[Short web captions]
———
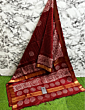 Aarvi Grace - Kota Staple Mangalagiri Saree with Discharge Print & Matching Blouse | Lightweight Handloom Elegance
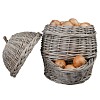 Panier en osier pour oignons H. 34,5 cm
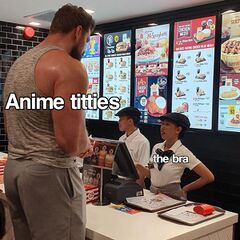 Big Guy Ordering at McDonald's meme #4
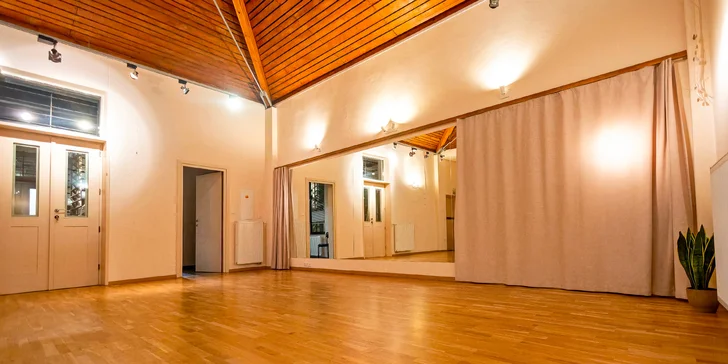 1 až 10 lekcí v krásném studiu na Žižkově s prosklenou střechou: vinyasa i power jóga, pilates, zdravá záda aj.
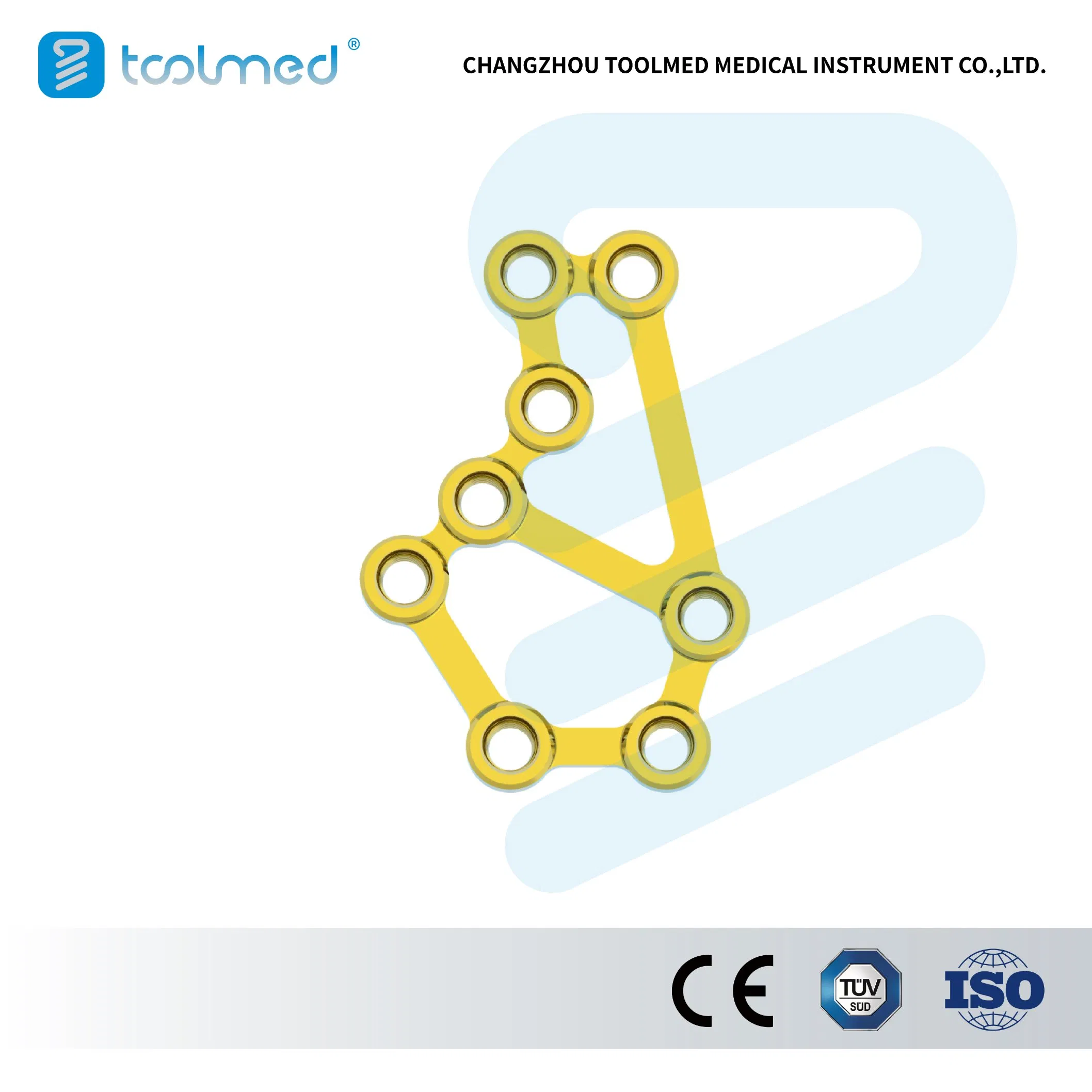 Manufacturer Supply Locking Plate of Orthopedic Trauma Fixation System Titanium Surgical Implants, Calcaneal Plate VIII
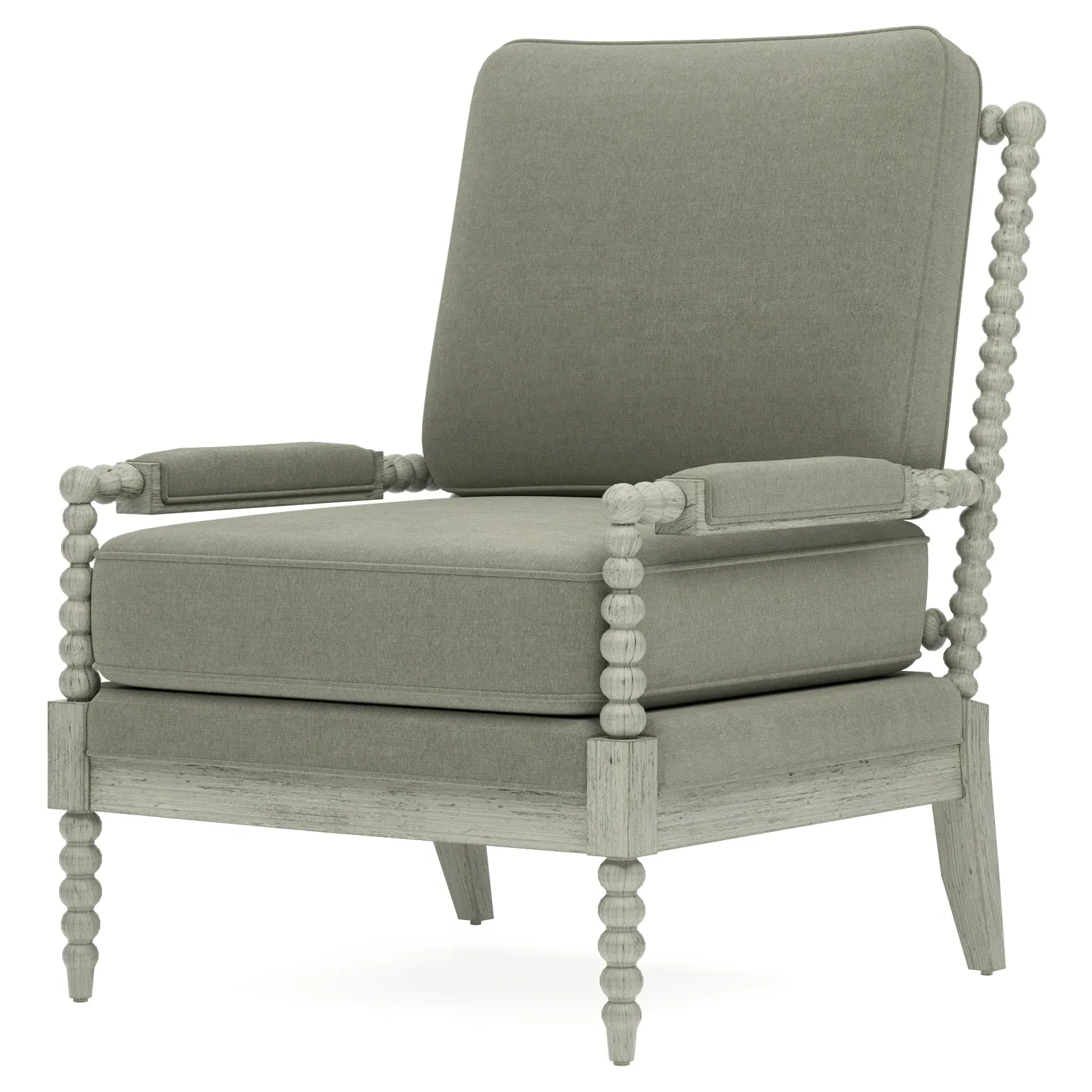 Coralie Provence Sage Chair - Sage, Velvet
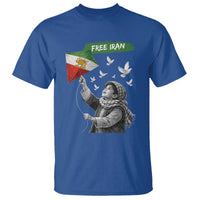Free Iran T Shirt Lion And Sun Flag Persian Freedom Movement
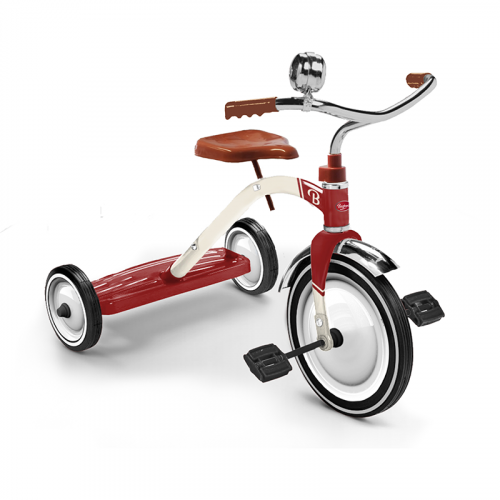 Vintage Red Baghera Trike - Classic Pedal Car for Kids, Retro Ride-On Toy for Indoor & Outdoor Play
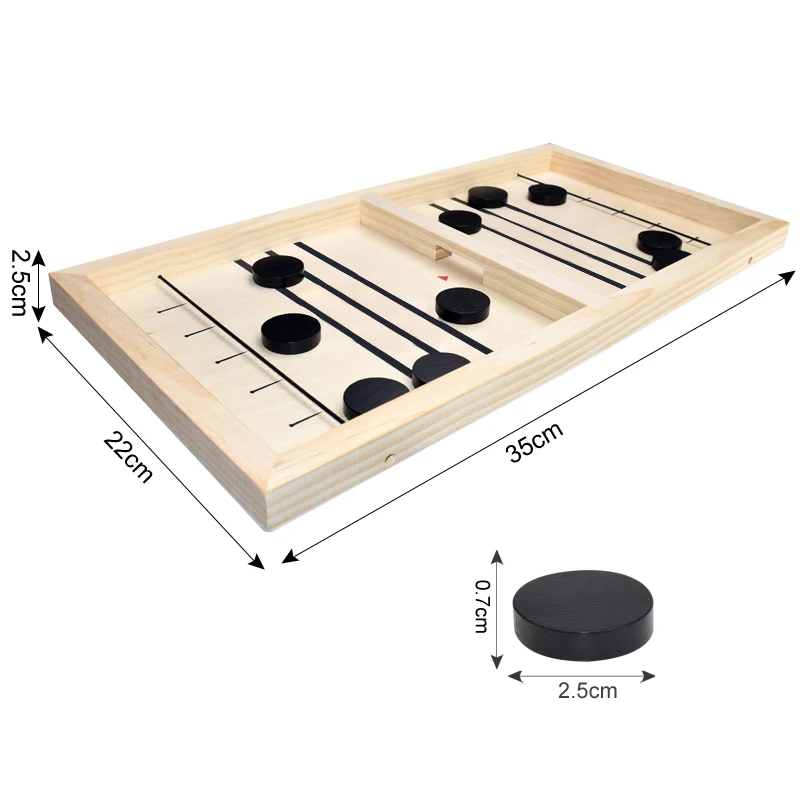Fast Sling Puck Game Paced Wooden Table Hockey Winner Games Interactive Chess Toys For Adult Children Desktop Battle Board Game images - 6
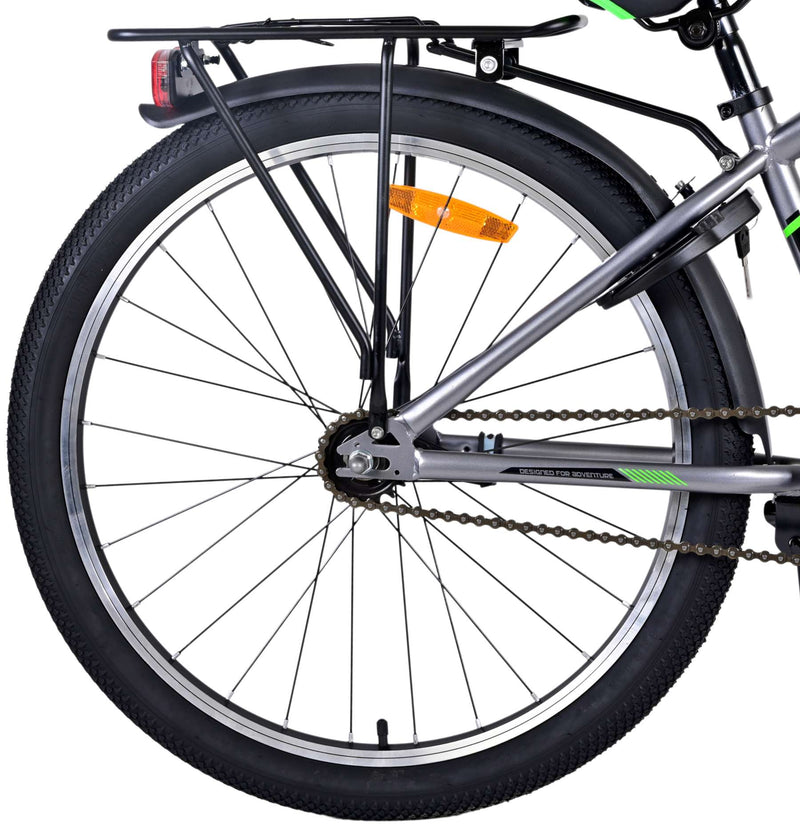 Load image into Gallery viewer, Volare Cross Kinderfiets - Jongens - 24 inch - donker Grijs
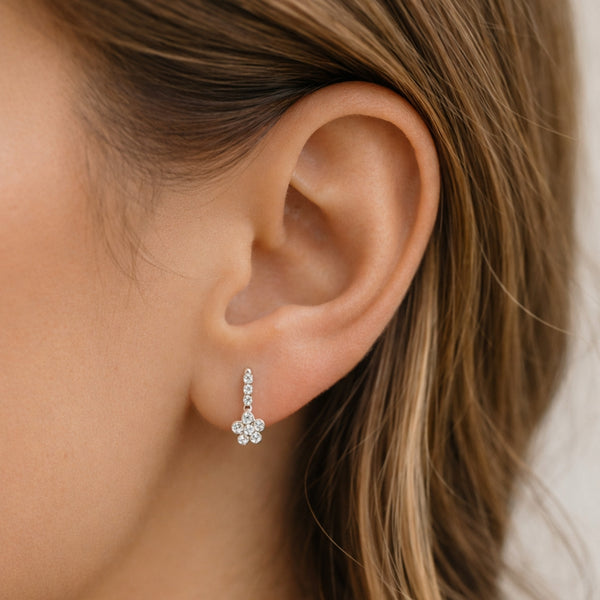 BRINCOS COM TURMALINA ROSA E AMETISTA SANNE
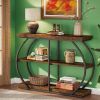 105 Cm 3-Step Sofa Entrance Table Console Table with Shelf Storage Hall Table Living Room Decorative Table Modern Simple Style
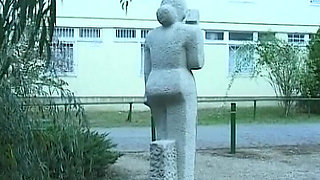 Cock Hungry German Babe Got Fucked in Office Gang Bang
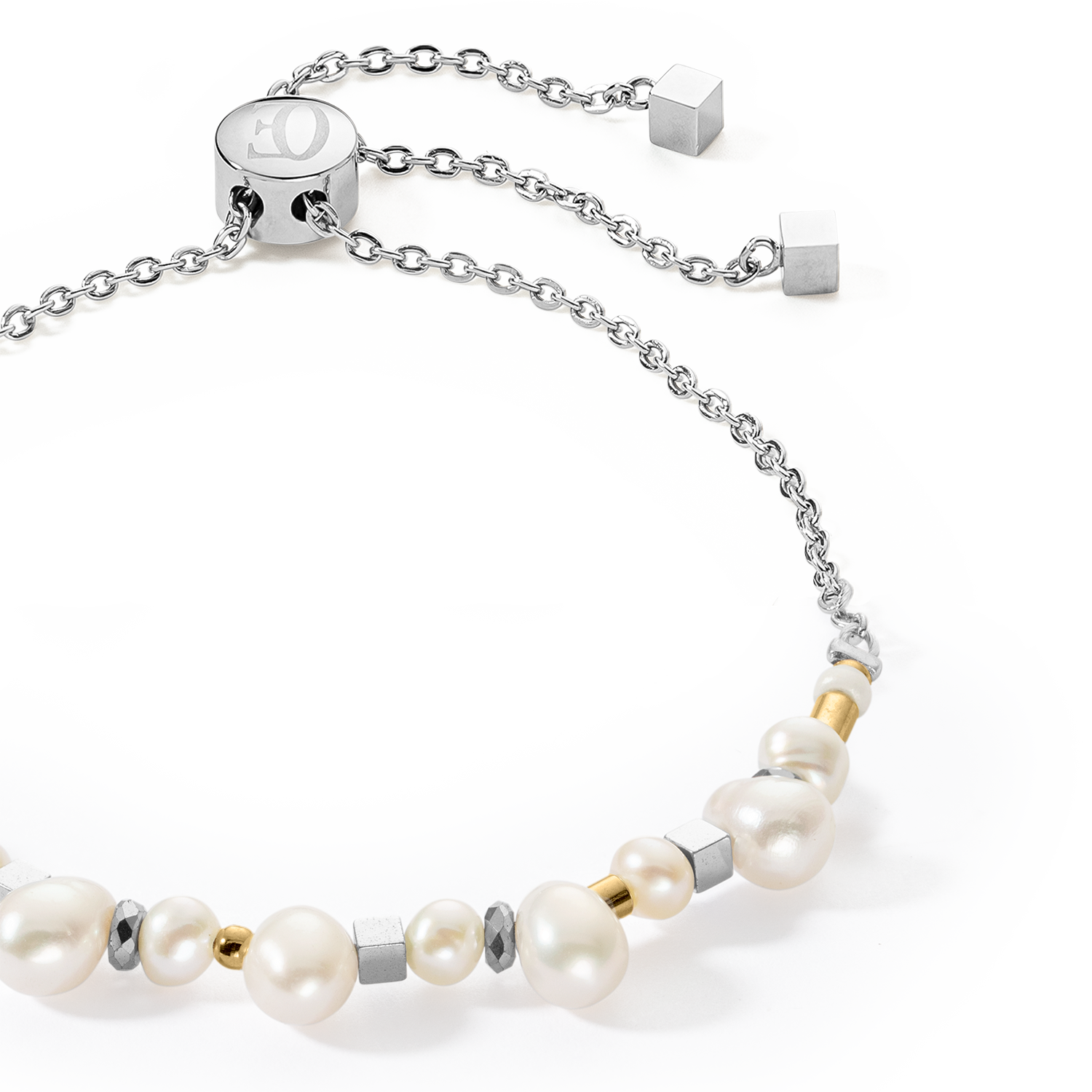 Dancing perles d'eau Douce Bracelet Bicolor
———
WHAT THE TASK REQUIRES – Restate, word for word, the entries above, dropping any picture.

SOLVED EXERCISE –
 Aarvi Grace - Kota Staple Mangalagiri Saree with Discharge Print & Matching Blouse | Lightweight Handloom Elegance
 Panier en osier pour oignons H. 34,5 cm
 Big Guy Ordering at McDonald's meme #4
 1 až 10 lekcí v krásném studiu na Žižkově s prosklenou střechou: vinyasa i power jóga, pilates, zdravá záda aj.
 Manufacturer Supply Locking Plate of Orthopedic Trauma Fixation System Titanium Surgical Implants, Calcaneal Plate VIII
 Coralie Provence Sage Chair - Sage, Velvet
Free Iran T Shirt Lion And Sun Flag Persian Freedom Movement
 Vintage Red Baghera Trike - Classic Pedal Car for Kids, Retro Ride-On Toy for Indoor & Outdoor Play
Fast Sling Puck Game Paced Wooden Table Hockey Winner Games Interactive Chess Toys For Adult Children Desktop Battle Board Game images - 6
 Load image into Gallery viewer, Volare Cross Kinderfiets - Jongens - 24 inch - donker Grijs
 BRINCOS COM TURMALINA ROSA E AMETISTA SANNE
 105 Cm 3-Step Sofa Entrance Table Console Table with Shelf Storage Hall Table Living Room Decorative Table Modern Simple Style
 Cock Hungry German Babe Got Fucked in Office Gang Bang
 Dancing perles d'eau Douce Bracelet Bicolor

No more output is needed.